On Saturday Evening Airship Isabella put on three short shows and a dance on 3 different stages. The shifting stages every 30 minutes or so was sort of a Dicken’s tradition, so they had a large number of friends helping them carry everything from props to fire extinguishers several blocks at a trot between each performance. They might have lost a few audience members at each stage change, but they seemed to gain more each time as well, so each performance was well attended.
The first act was a comedy about a lion/man combination creature that they had picked up somehow in their travels, but instead of wanting to eat them, he was offering them cupcakes and tea. Yes, it was supposed to be strange, but the audience got it well enough that two people I interviewed said it was their favorite of the three acts. The second act got even stranger in that Commander Leroux brought out a talking head in a jar who could tell people’s futures. Airship Isabella’s first mate, Javert Marchand, did a fabulous job of appearing un-human, otherworldly, totally mad, and sneering down his nose at the silly humans that came to look in his jar. Kudos for a job well done! That act was also a comedy in which three local celebrities from the anime community, Chris Ayres, Greg Ayres, and Carli Mosier, were supposedly selected randomly from the audience and then told the worst futures imaginable insulting and exchanging insults with the head in the jar all the while. The third act was fire spinning with first fire poi, then flaming sticks and finally belly dancing with flaming iron fans.
This was followed by a dance in which Airship Isabella once again broke stereotypes by playing tunes from Swan Lake, much to the surprise of everyone. I have to say that I believe in breaking stereotypes in a big way and that seemed to work just fine. It is difficult; however, to get Americans to dance much to a waltz, so after about 30 minutes, they managed to convince the historical society staff to permit the DJ to shift to more modern music. The DJ played excellent dance music, and we were really enjoying it, but unfortunately time ran out for the dance after only a few of his livelier selections.

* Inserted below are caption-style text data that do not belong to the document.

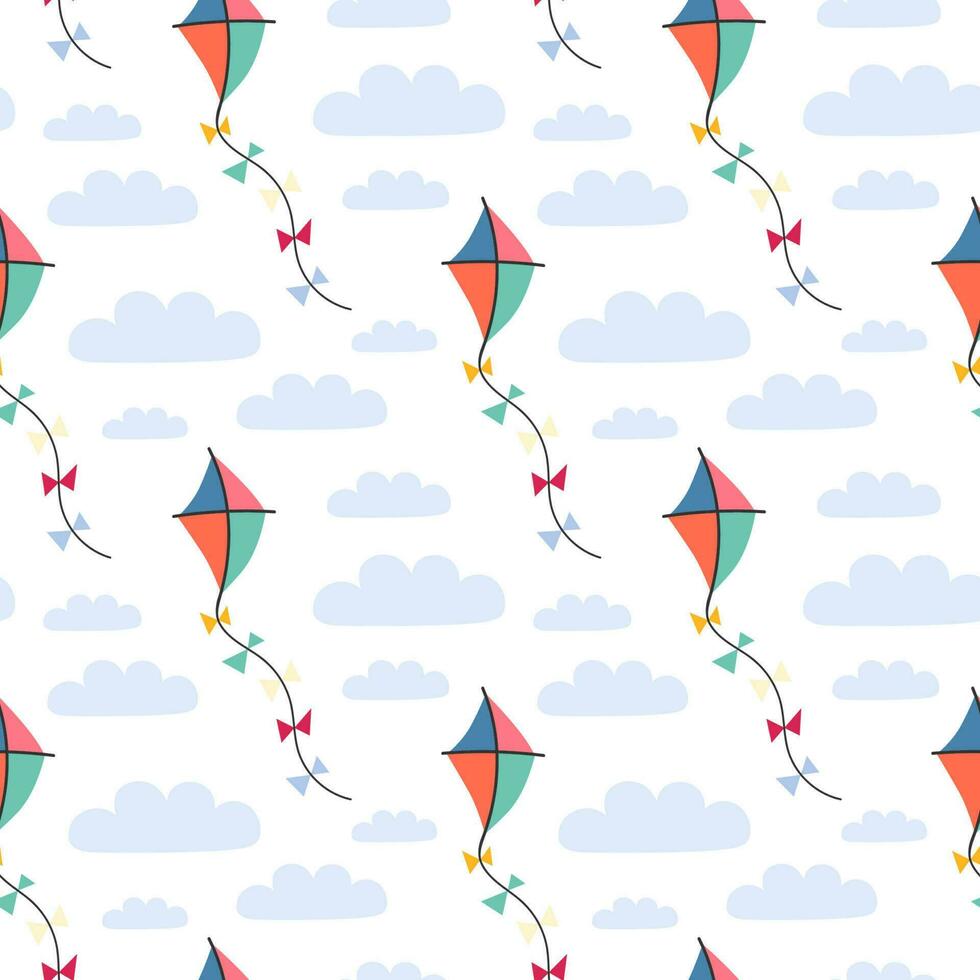 naadloos patroon met vlieger en wolken. vector achtergrond met een verjaardag thema.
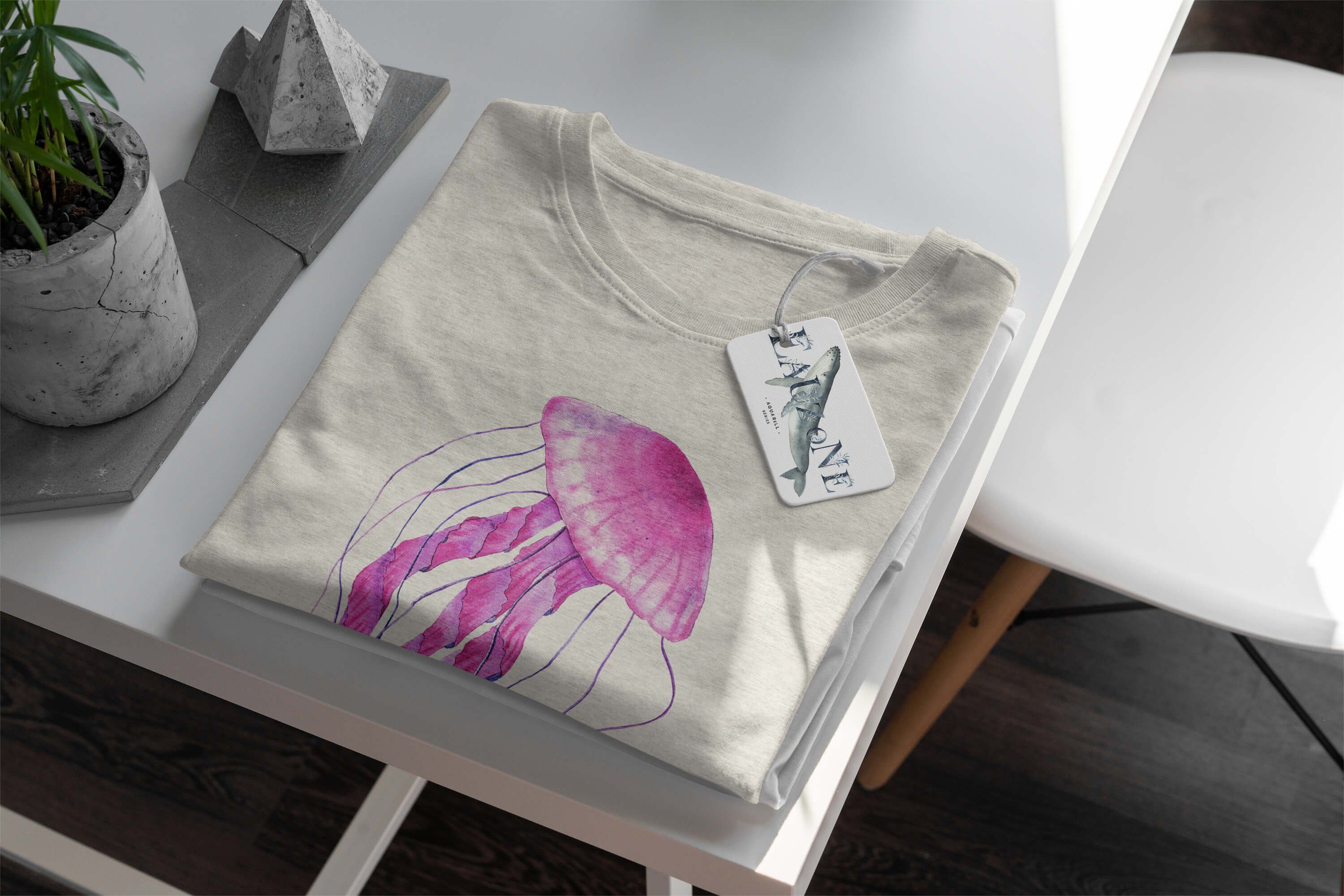 Sinus Ökomode Bio-Baumwolle Art Motiv 100% gekämmte Wasserfarben Nachhaltig e T-Shirt Herren T-Shirt aus (1-tlg) Shirt Qualle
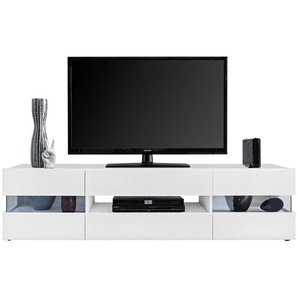 Livetastic Tv-Element, Weiß, Glas, 3 Fächer, 169x43x43.5 cm, Wohnzimmer, TV Möbel, TV-Elemente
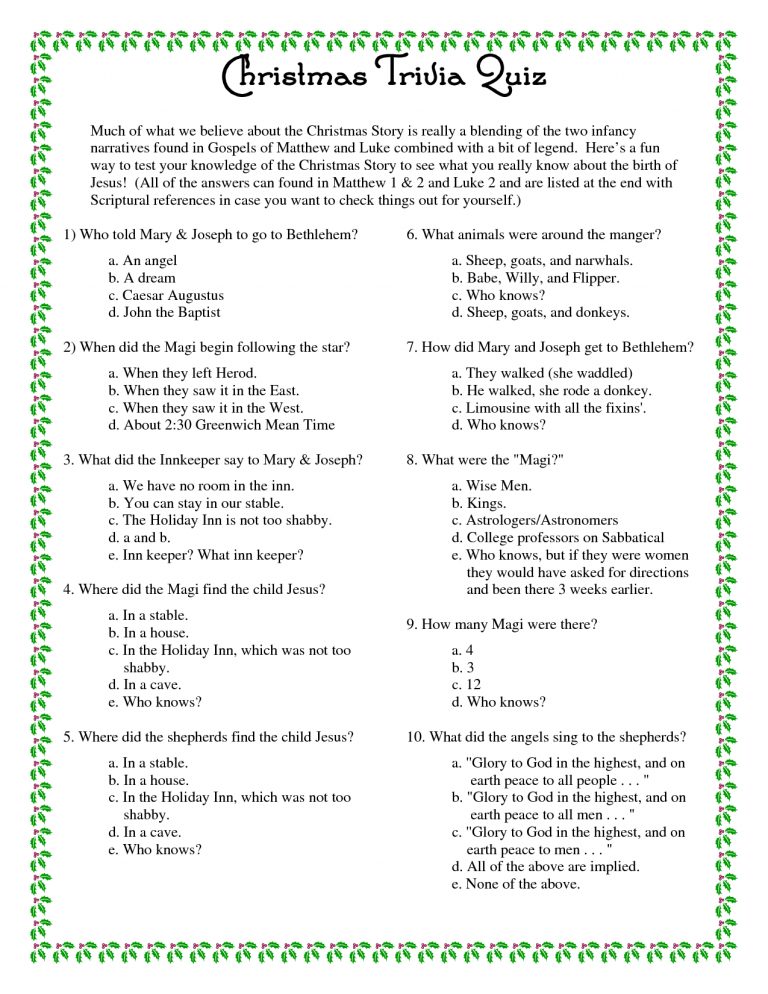 Printable Christmas Trivia Questions And Answers | Christmas Party ...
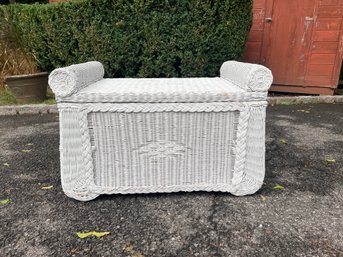 White Wicker Storage Chest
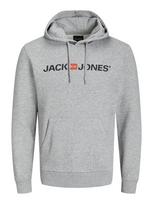 JACK & JONES Megztinis be užsegimo 'JJECorp' šviesiai pilka / mandarinų spalva / juoda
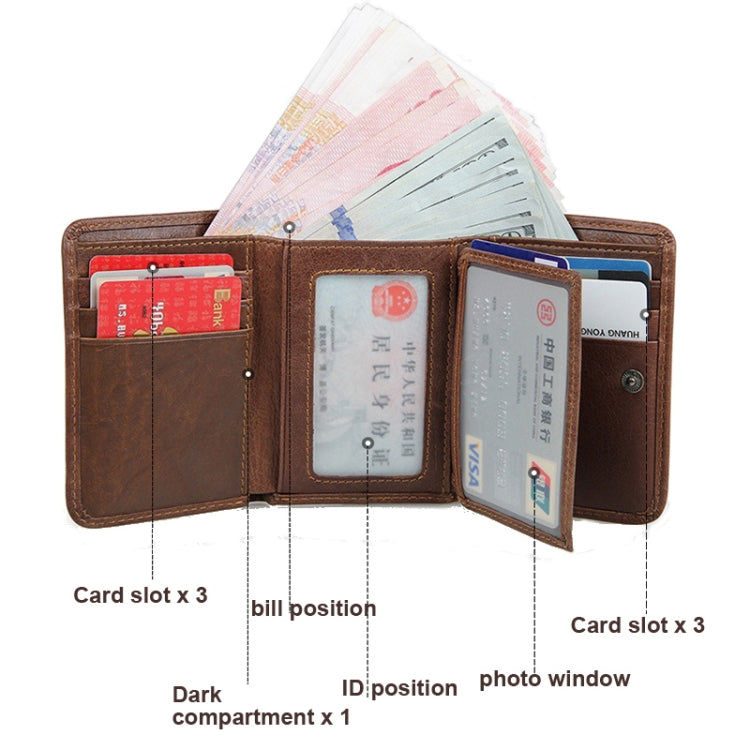 Men Casual Retro RFID Blocking Anti-Scanning Cowhide Leather Short Wallet(Coffee) - Wallets by J.M.D | Online Shopping South Africa | PMC TechLife | Buy Now Pay Later Mobicred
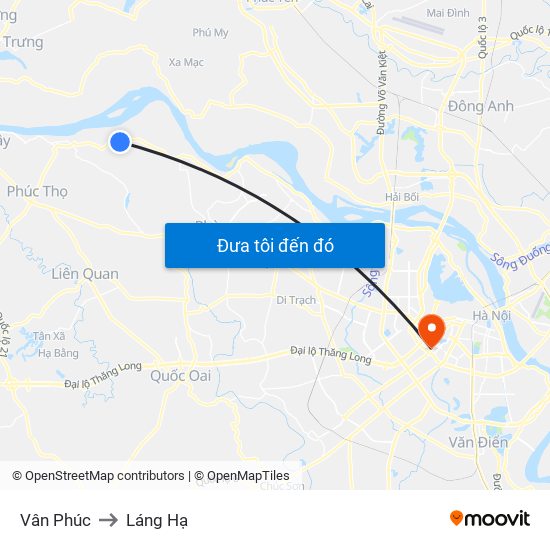 Vân Phúc to Láng Hạ map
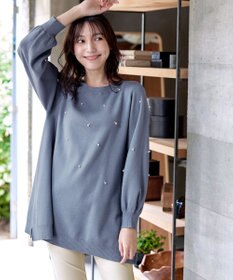 Tiaclasse 【洗える】パール付きニットチュニック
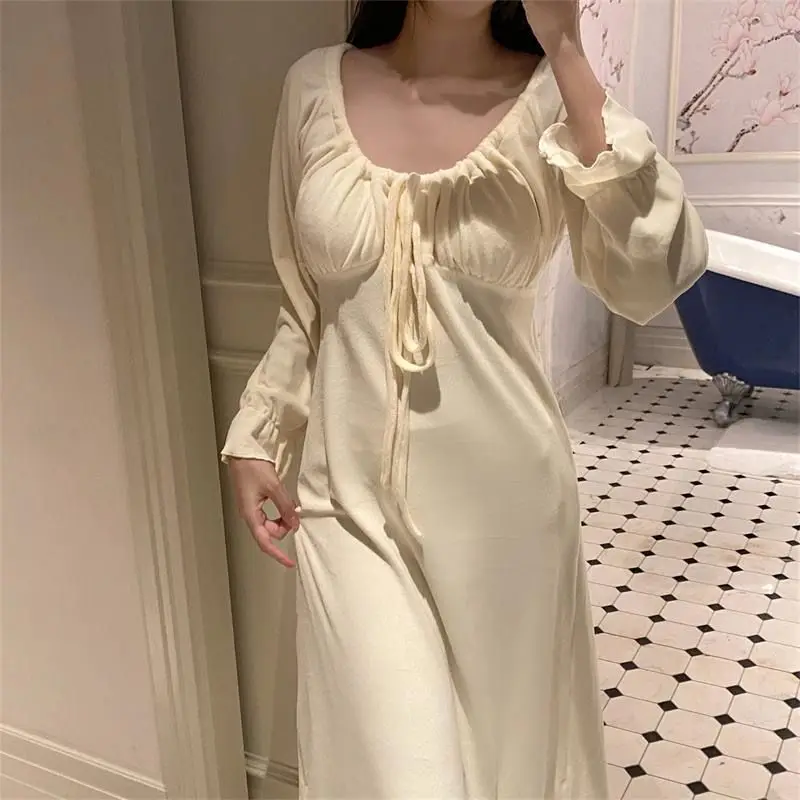 

Новые зимние женские пижамы, теплая одежда для сна, фланелевое спальное платье, плотное ночное платье, ночная рубашка с длинными рукавами, домашняя одежда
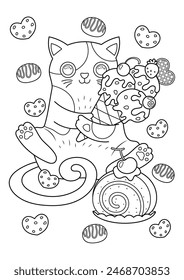 Funny fat cat coloring page. Cute cat vector illustration cartoon. Cat with ice cream and cake roll.
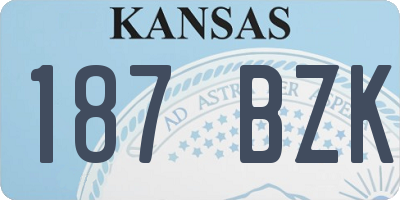 KS license plate 187BZK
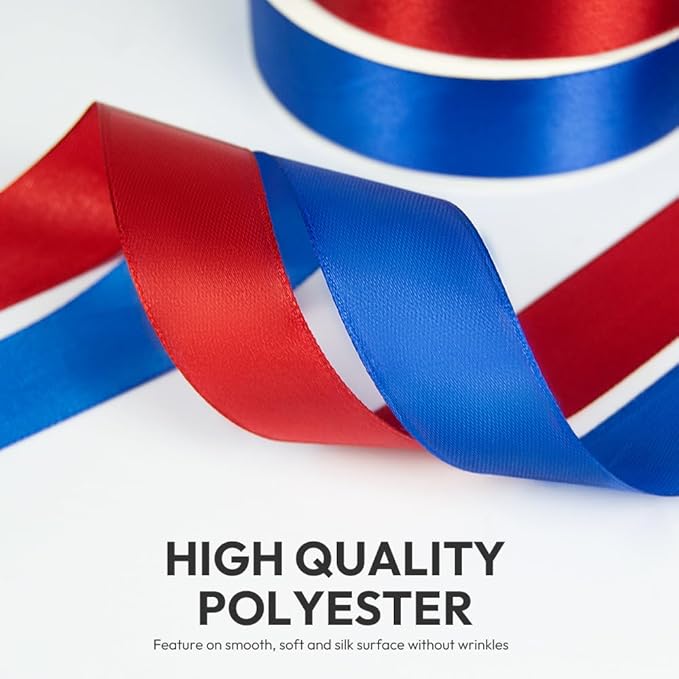 KMER LIFE 1 Inch Wide x 50 Yards Ivory Single Faced Polyester Satin Ribbon for Wedding Decor, Wreath, Crafts, Gift Wrapping & Other Projects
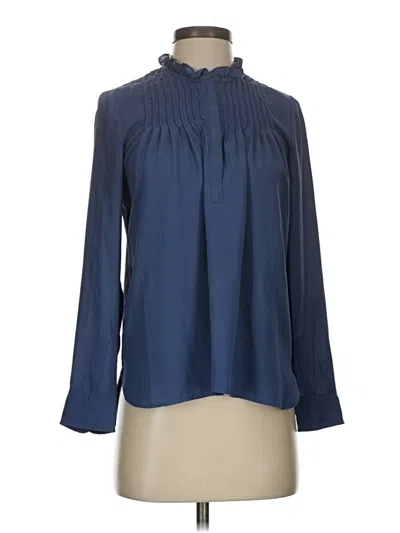 Pre-owned J.crew Mercantile Long Sleeve Blouse In Blue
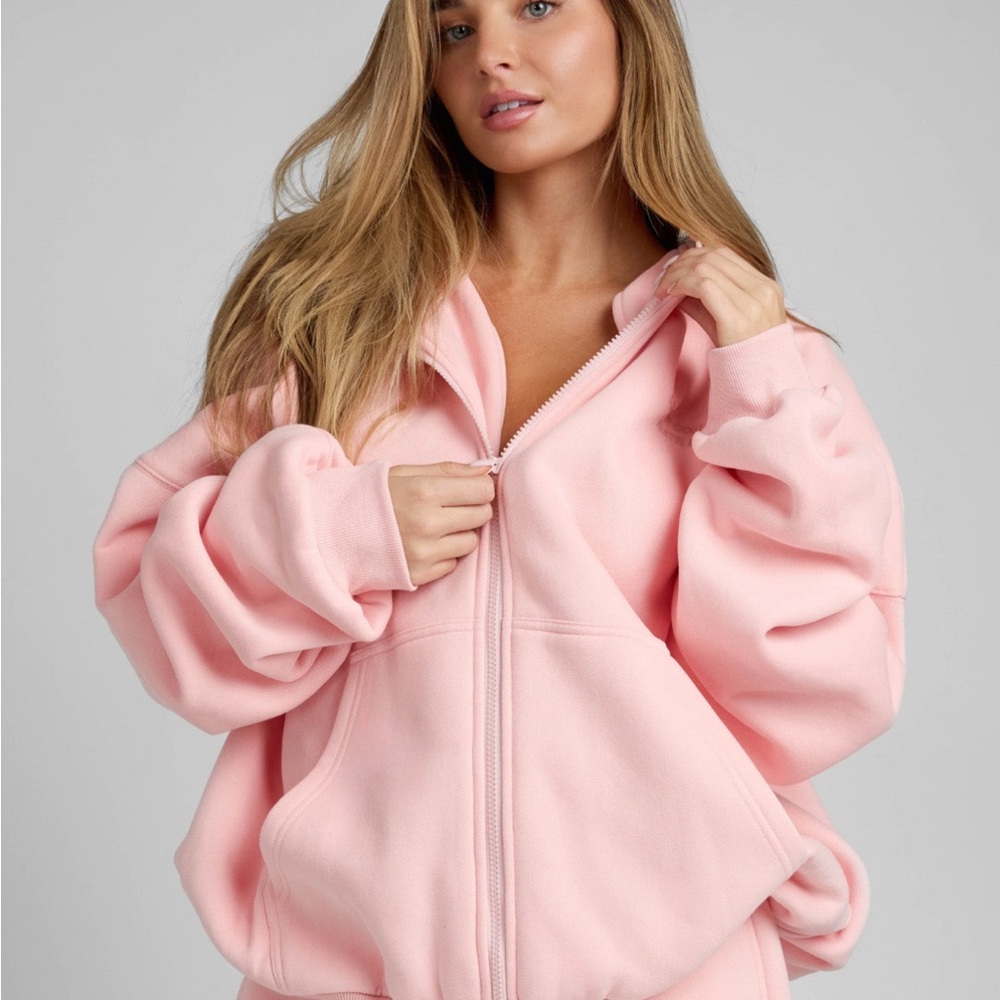 Comfrt Bubblegum Pink Oversized Zip-Up Hoodie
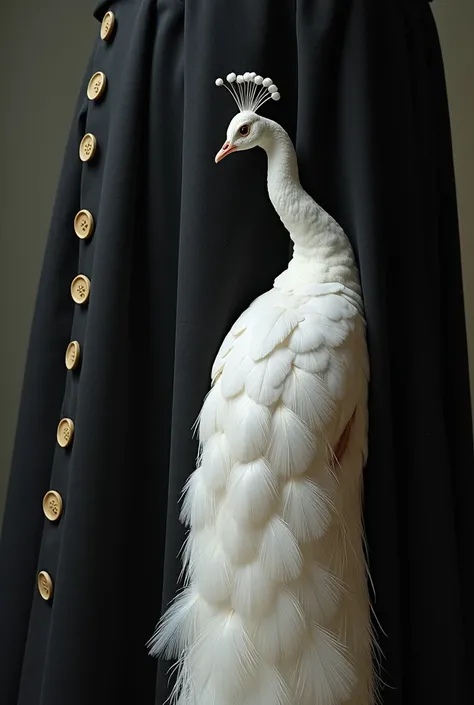 A white peacock on a black cloth, which is moving from the hem of his clothes to the waist, which has round buttons on the hem of the clothes and these buttons are on both the front and back sides, and the peacocks feathers are also round in the buttons of...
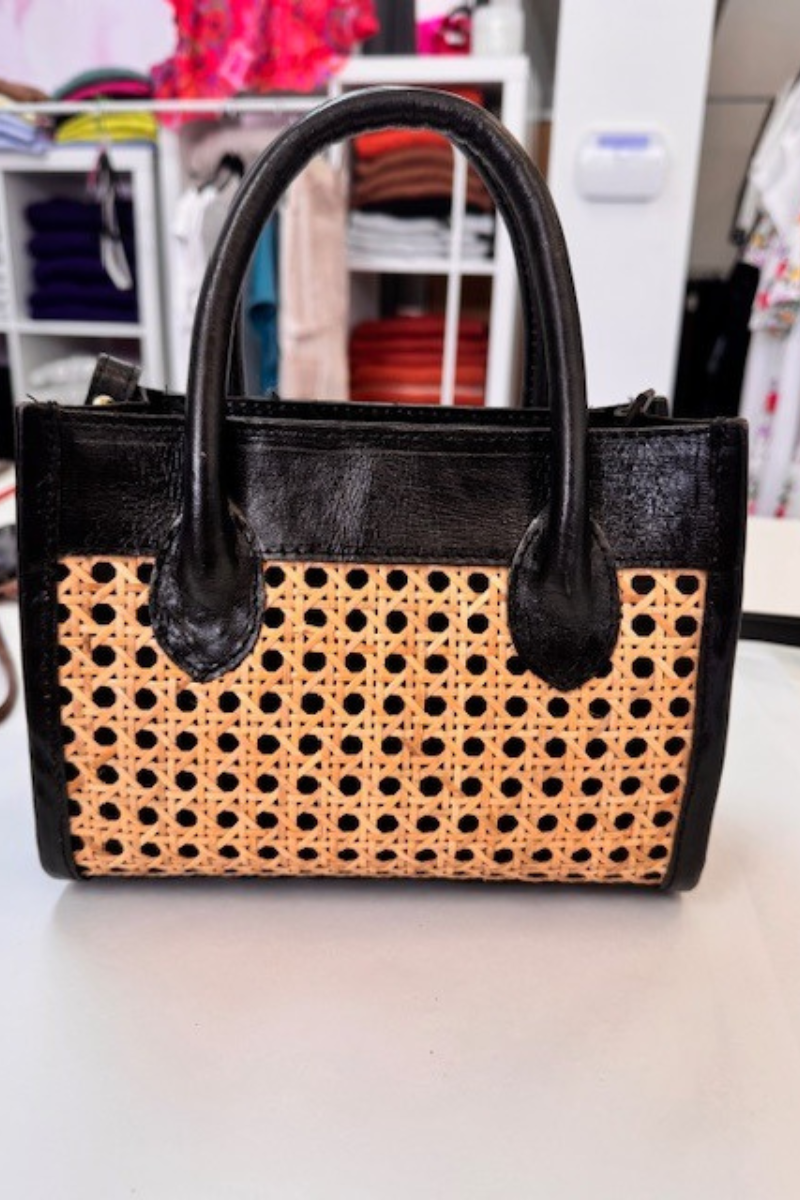 Rattan and Leather Handbag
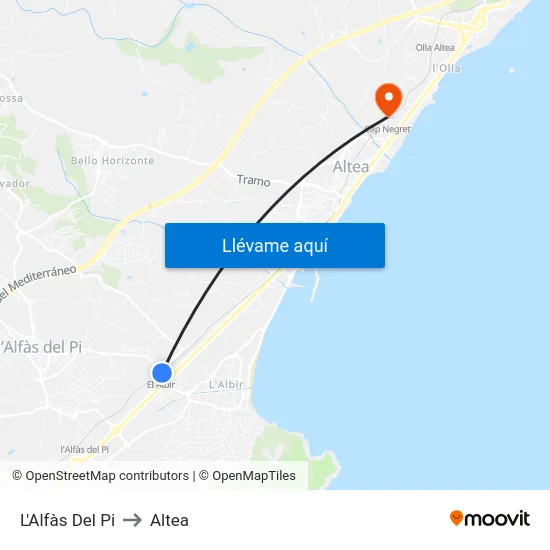 L'Alfàs Del Pi to Altea map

By the end of Sunday, we found people from all walks of life, including the Texas Army, the Bobbies, and the Beefeaters, had become very friendly, wanted to take pictures with us, and thanked us all for coming. There can be no doubt this invasion was a huge success for both our Steampunk community (worldwide as well as locally) and for one of the most popular historical festivals in America. This sort of mutual exchange and support should continue to help many different parts of society come together and make the world just a lot more healthy and fun for all of us in the future!